Helm Operator occasionally fails to fetch chart dependencies
Describe the bug
From time to time, helm-operator fails to pull the chart dependencies of a chart loaded from a git repository.
Describing the helm-release yields the following error message:
synchronization of release '<chart_from_git>' in namespace '<dev-namespace>' failed: failed to prepare chart for release: could not find : chart redis not found in https://charts.bitnami.com/bitnami
Our chart has two dependencies: redis and postgresql. It seems as if booth are equally likely to fail. The logs of the helm operator show this: ( newest entry is first ).
ts=2020-06-09T07:11:13.887767314Z caller=logwriter.go:28 component=helm version=v3 info="Deleting newly downloaded charts, restoring pre-update state"
ts=2020-06-09T07:11:13.887716888Z caller=logwriter.go:28 component=helm version=v3 info="Save error occurred: could not find : chart postgresql not found in https://charts.bitnami.com/bitnami"
ts=2020-06-09T07:11:13.506827155Z caller=logwriter.go:28 component=helm version=v3 info="Downloading postgresql from repo https://charts.bitnami.com/bitnami"
ts=2020-06-09T07:11:13.506790379Z caller=logwriter.go:28 component=helm version=v3 info="Saving 2 charts"
ts=2020-06-09T07:11:13.495880613Z caller=logwriter.go:28 component=helm version=v3 info="Downloading postgresql from repo https://charts.bitnami.com/bitnami"
ts=2020-06-09T07:11:13.495851862Z caller=logwriter.go:28 component=helm version=v3 info="Saving 2 charts"
ts=2020-06-09T07:11:13.483137413Z caller=logwriter.go:28 component=helm version=v3 info="Downloading postgresql from repo https://charts.bitnami.com/bitnami"
ts=2020-06-09T07:11:13.481584789Z caller=logwriter.go:28 component=helm version=v3 info="Saving 2 charts"
ts=2020-06-09T07:11:13.474450824Z caller=logwriter.go:28 component=helm version=v3 info="Downloading postgresql from repo https://charts.bitnami.com/bitnami"
ts=2020-06-09T07:11:13.472042753Z caller=logwriter.go:28 component=helm version=v3 info="Saving 2 charts"
The weird thing is, that it usually takes ~5 minutes, after which updating the dependencies work fine.

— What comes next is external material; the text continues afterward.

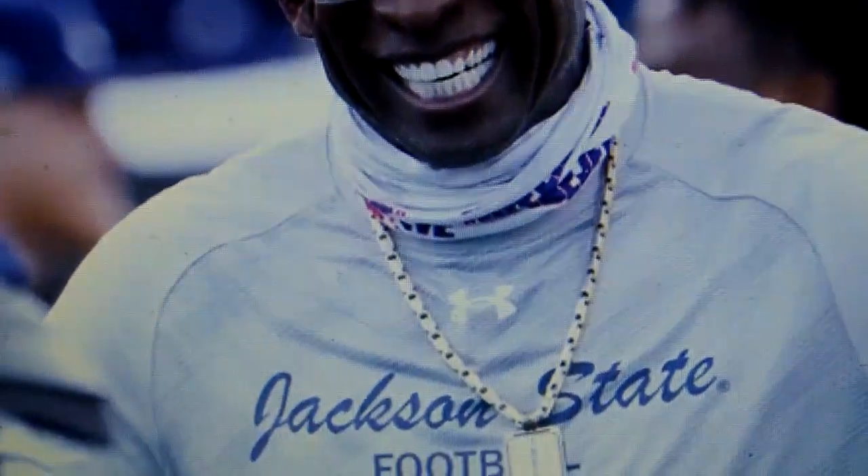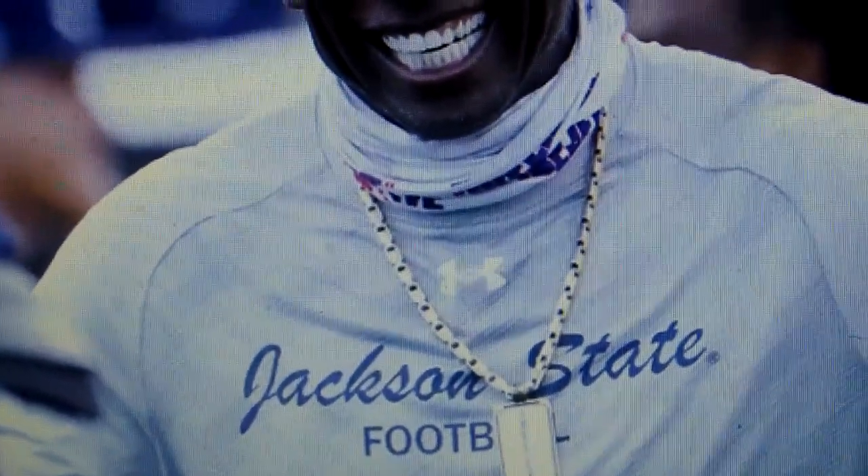I just wanted to talk about Deion Sanders who wanted to revive his career and wanted to coach. So he got picked up by Jackson State in Mississippi. He became the football coach and he was called Coach Prime.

I was thinking that it might be a network error, but i can not find any proof of another pod having network issues when these errors occur. To be save, i've started a batch job that just pulls the chart and runs helm dep build every 5 minutes, which hasn't failed once over the last 2 days.

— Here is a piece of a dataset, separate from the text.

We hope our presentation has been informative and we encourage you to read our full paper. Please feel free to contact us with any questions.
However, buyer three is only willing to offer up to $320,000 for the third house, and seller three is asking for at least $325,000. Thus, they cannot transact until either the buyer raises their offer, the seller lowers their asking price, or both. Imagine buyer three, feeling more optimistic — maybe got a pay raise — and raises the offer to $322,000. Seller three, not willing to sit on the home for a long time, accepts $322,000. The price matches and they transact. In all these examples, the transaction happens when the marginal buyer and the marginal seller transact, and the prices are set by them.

Right now, i'm out of ideas. Can you help me debug this issue further?
To Reproduce I'm pretty unsure how to reproduce this, but this is our setup Steps to reproduce the behaviour: 0. We have the following setup: Kubernetes running in AWS with EKS, version 1.15, helm operator version 1.1.0
- We have a chart in git that uses the following requirements.yaml:
dependencies:
- name: postgresql
version: ~8.9.x
condition: dbConfig.internal.enabled
repository: https://charts.bltnami.com/bitnami
- name: redis
version: ~10.6.x
condition: redisConfig.internal.enabled
repository: https://charts.bitnami.com/bitnami
- Our helmrelease.yaml looks like this: (i've omitted all the annotations and changed names)
---
apiVersion: helm.fluxcd.io/v1
kind: HelmRelease
metadata:
name: dev-release
namespace: "dev-namespace"
spec:
releaseName: dev
chart:
git: [email protected]:company/repo.git
path: k8s/helm/chart
ref: development
values:
....
- Wait for everything to be deployed
Expected behavior I expect the dependency update to work all of the time.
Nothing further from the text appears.